Like most of my peers, I started off the first few days of the new school year compiling my ideal schedule. But for me, the cobbling was in order to make space for my French course at Princeton University. Thankfully, I was able to create the schedule I needed with two free periods to bike back and forth to the hour and 20 minute class.
Last year, I was also lucky enough to to have two other PHS students with me in both of my semester classes at the University, which eased my fear of being surrounded by Ivy-League college students. I soon found, however, that my anxiety was unwarranted, as our classmates readily accepted us high schoolers. My first semester, my friend and I talked to a graduate student auditing our class about his experience at Yale as an undergrad, then at Princeton. We ended up discussing our plans for the future. Second semester I exchanged phone numbers with a runner from the Princeton team, where I potentially wanted to be recruited.
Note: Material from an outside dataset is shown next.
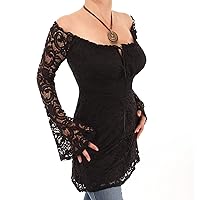 Women's Crochet Lace Off The Shoulder Bell Sleeve Top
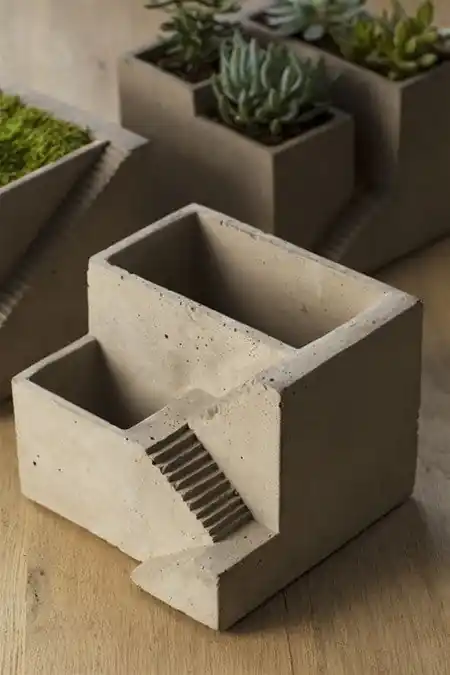Vagabond Vintage Cement Planter, Architectural Cube II - Set of 2 Trusted Brand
The professors were also extremely welcoming, though they definitely didn’t take it easy on us. My first class met three times a week and the second, too, but even with the free periods on the other days I often struggled with the workload. In my French literature course second semester, we were expected to read large sections of primary texts in French and upwards of ten pages of dense theoretical texts as supplements for every class. This reinforced my growing awareness that procrastination would not work in college. Though our reading was rarely checked, we had to discuss the texts and their relation in depth in a class of about 15 students, so if you didn’t do the work, you were in bad shape. The participation highlighted one of the major differences between language classes, maybe classes in general, from high school to college: people actually wanted to be there. We didn’t have popsicle sticks or long awkward silences because everyone had chosen to be part of that class and we were given interesting, thought-provoking material to discuss.
This environment allowed me to grow more confident and to increasingly be able to trust myself and my ideas on what we read. We discussed and wrote about works from classical French authors in conjunction with literary theories by authors who ranged from Jacques Derrida to Judith Butler, an acclaimed philosopher and one of the most influential writers in third wave feminism and queer theory, all within 24 classes. Being as independent as that class forced me to be and studying something that I was truly interested in has made me eagerly await college next year.